Tuesday, March 08, 2005

Pork's new ad campaign

The Pork Board rolled out its new advertising campaign, with the theme, "Don' be blah." The New York Times quotes some favorable reviews of the successor to the successful campaign with the tagline, "Pork: The Other White Meat." The Times also cites some criticism of the new campaign's use of too many different themes and styles, in an effort to stay contemporary:

However, Phil Lempert, the food editor of the "Today" show on NBC, saw it another way. "It appears they're throwing a lot of disparate ideas against the wall," Mr. Lempert said, "hoping one of them will work."

And Peter Golder, an associate professor of marketing at the Stern School of Business of New York University, said he thought the campaign was "hiding from the name 'pork,' " which "itself suggests some of pork's attributes have negative associations they should work to address."

As you recall, the commodity promotion boards are controversial.
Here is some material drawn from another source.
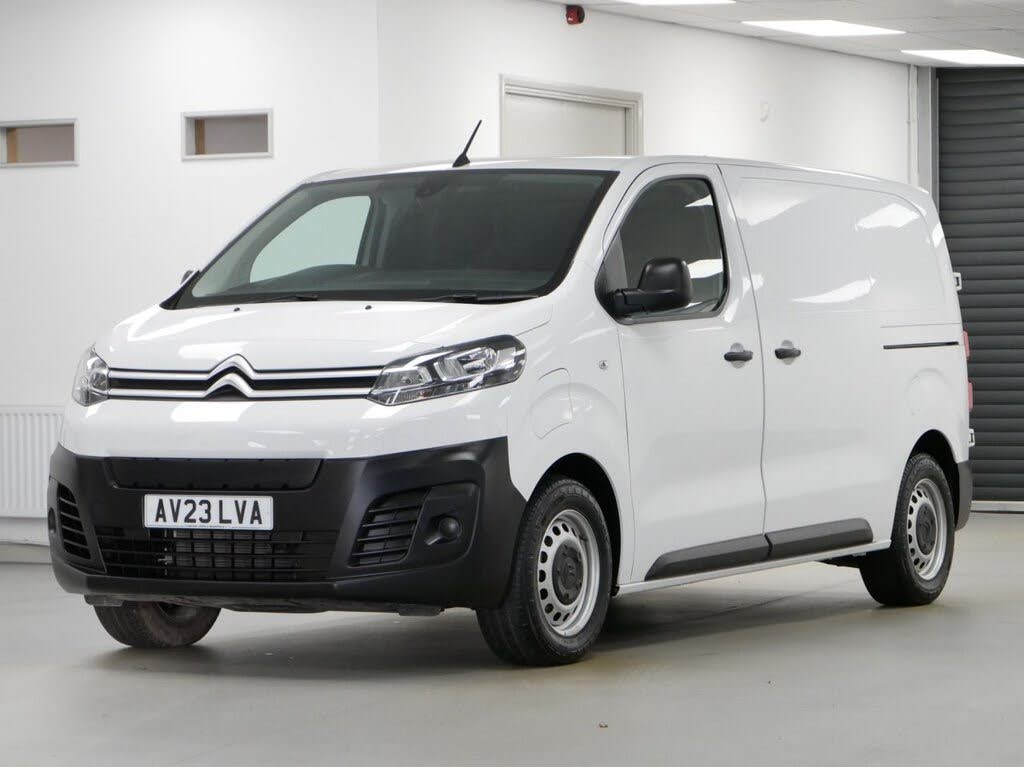 2023 Citroen Dispatch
The Pork Board is funded by more than $40 million annually in mandatory assessments -- taxes -- on Pork producers, with collection enforced by USDA and the Department of Justice. The Pork and Beef boards have been sued on First Amendment grounds by dissident farmers who object to the advertising messages. According to the Des Moines Register,

The timing of the new ad campaign is complicated by the fact that the U.S. Supreme Court is expected to issue a ruling soon on the constitutionality of national commodity checkoffs like the pork and beef checkoffs.
(Question: Is the industry promising payment of any funds that it does not yet have in hand, as a way of making commitments that will have to be honored even if the mandatory assessments are declared unconstitutional?).
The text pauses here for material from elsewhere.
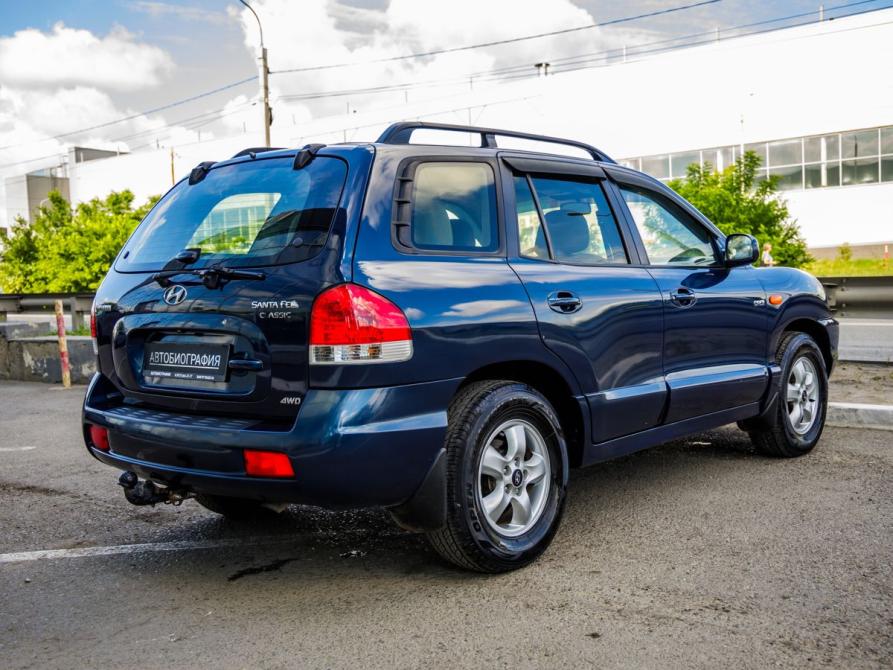 Hyundai Santa Fe Classic Волгоград  - изображение 7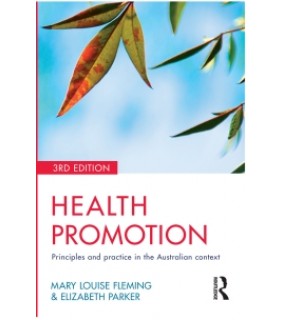 Routledge ebook Health Promotion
The Federal Government has told the Supreme Court that all of the commodity board advertising is the Government's own "government speech," and hence protected from this First Amendment challenge. Because of this rather implausible claim, which is inconsistent with the industry's usual view of the role of the boards, I tend to read new advertising from the commodity promotion boards with an eye toward whether this could really be government speech. A typical finding is that the boards write one thing for consumption by nutritionists and health professionals (see this web page, which adheres closely to the Dietary Guidelines and warns about fad diets). But the boards write another thing altogether when communicating with potential buyers in the food industry (see this web page, which encourages foodservice companies to pander to consumer demand for high-fat low-carbohydrate diets, which are explicitly criticized in the Dietary Guidelines):

Your government's "government speech" seems at times to push high-meat low-carb diets that its best scientific experts criticize.